(Image-caption web data)
· · · · · · ·

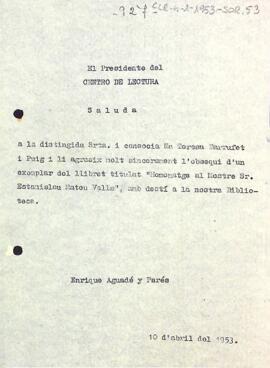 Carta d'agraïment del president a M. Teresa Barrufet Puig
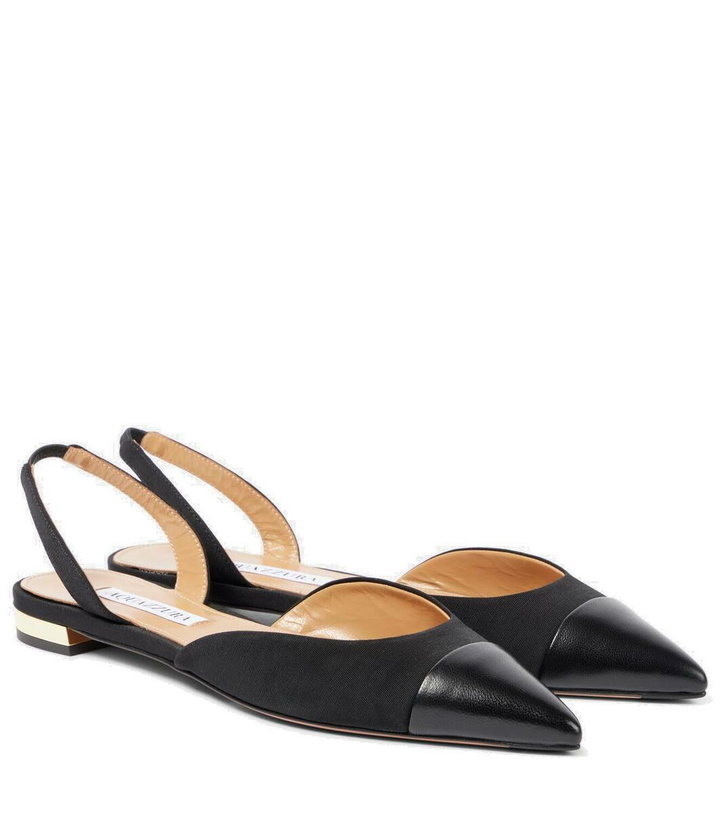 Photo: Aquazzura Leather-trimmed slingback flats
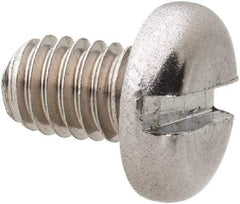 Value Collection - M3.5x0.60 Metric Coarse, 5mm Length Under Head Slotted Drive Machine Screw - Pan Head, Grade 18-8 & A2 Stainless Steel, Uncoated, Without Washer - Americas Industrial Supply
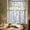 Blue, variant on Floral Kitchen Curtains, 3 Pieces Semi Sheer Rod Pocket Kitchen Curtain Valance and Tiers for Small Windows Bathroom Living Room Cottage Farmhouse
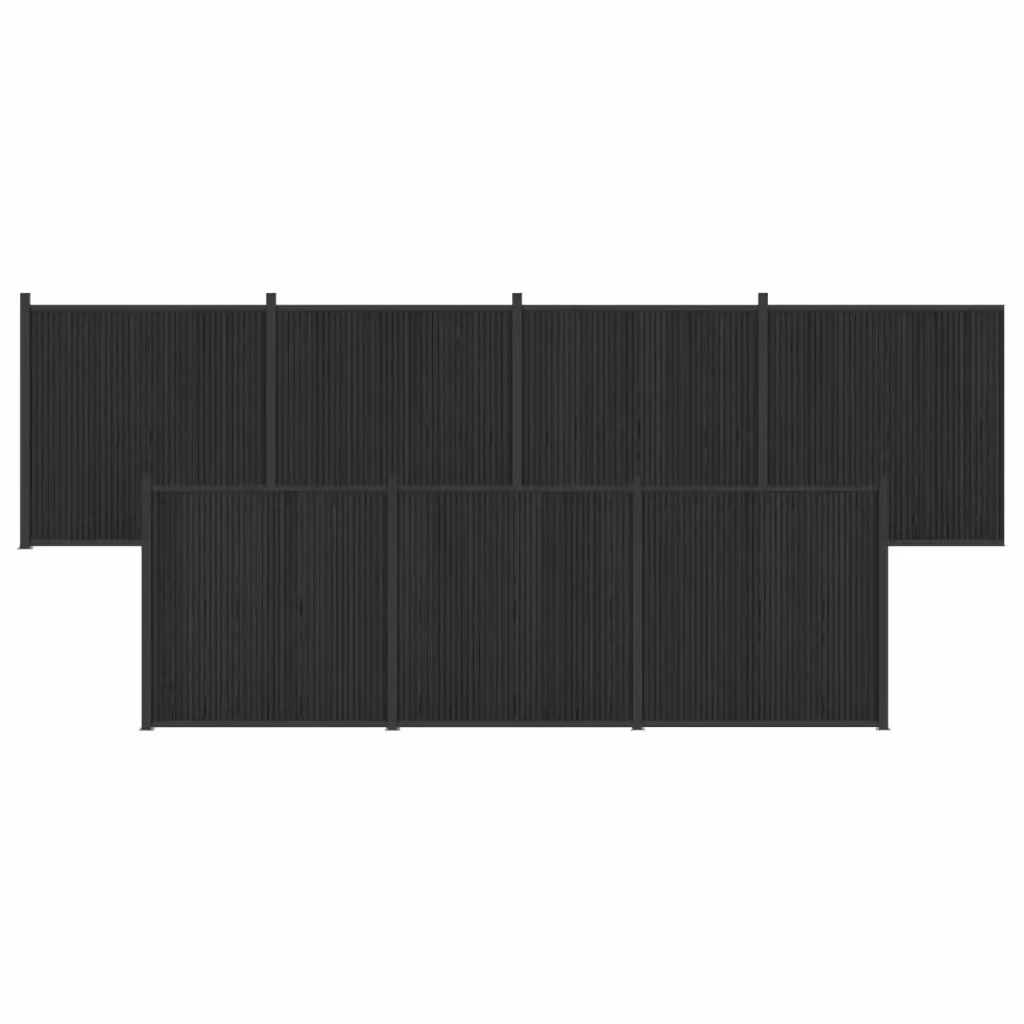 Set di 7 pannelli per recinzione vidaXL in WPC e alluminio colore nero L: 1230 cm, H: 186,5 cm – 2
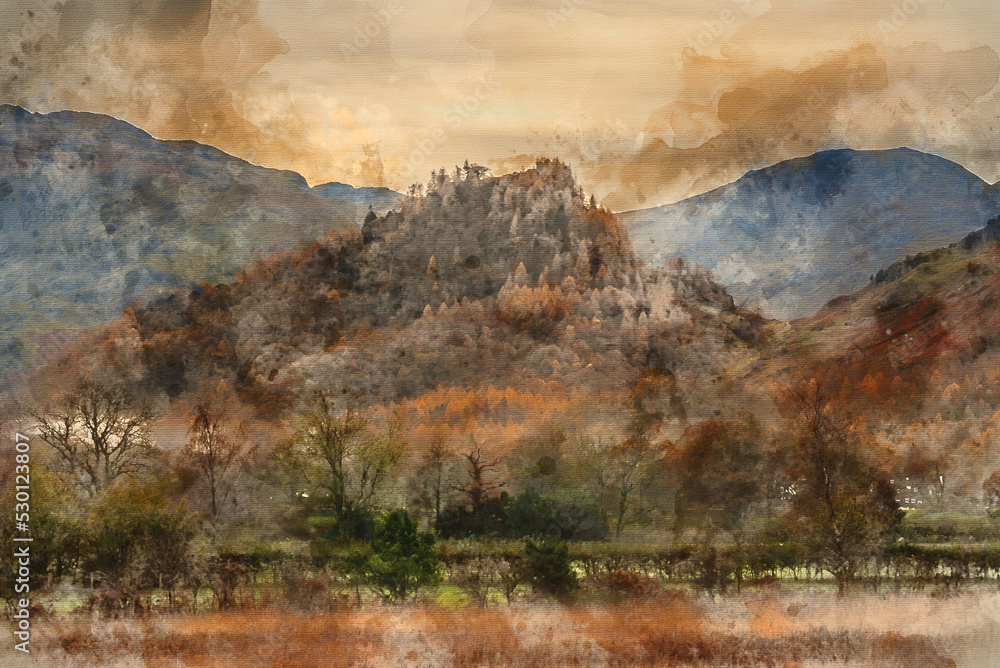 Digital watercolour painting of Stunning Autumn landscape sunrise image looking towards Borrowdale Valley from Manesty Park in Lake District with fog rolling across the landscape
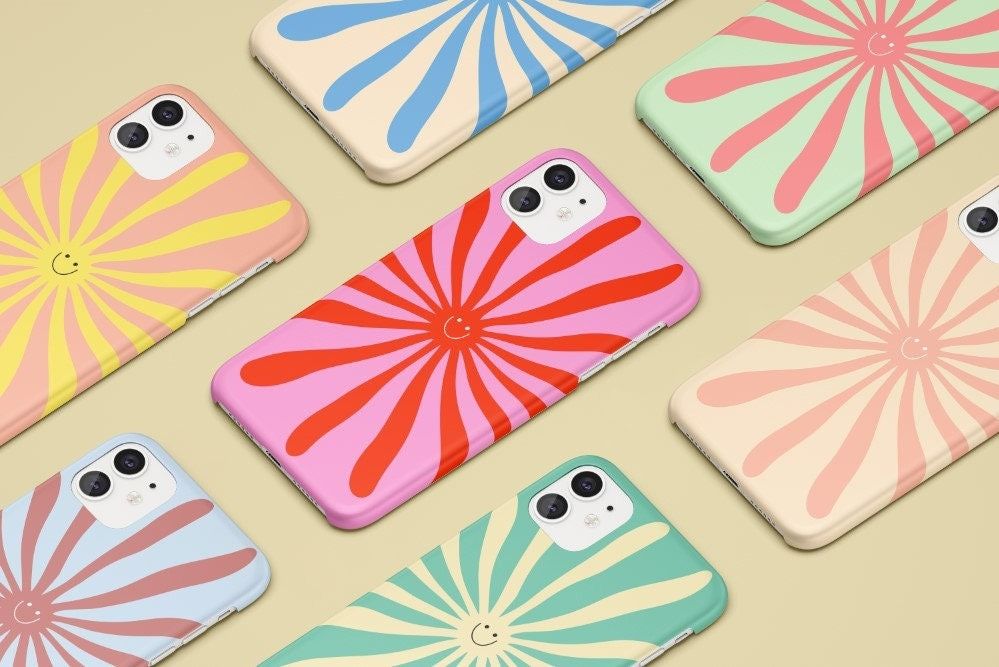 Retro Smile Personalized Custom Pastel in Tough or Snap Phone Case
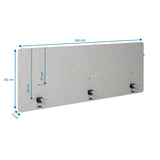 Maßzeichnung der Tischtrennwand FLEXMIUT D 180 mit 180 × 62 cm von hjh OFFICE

· · · · · · ·

■ WORK INSTRUCTION: Please give again the entries word for word, starting at the first line and ending with the line that contains "Value Collection - M3.5x0.60"; include both of those lines but none of the pictures.

■ EXERCISE RESPONSE:
 Carta d'agraïment del president a M. Teresa Barrufet Puig
 Photo: Aquazzura Leather-trimmed slingback flats
 Value Collection - M3.5x0.60 Metric Coarse, 5mm Length Under Head Slotted Drive Machine Screw - Pan Head, Grade 18-8 & A2 Stainless Steel, Uncoated, Without Washer - Americas Industrial Supply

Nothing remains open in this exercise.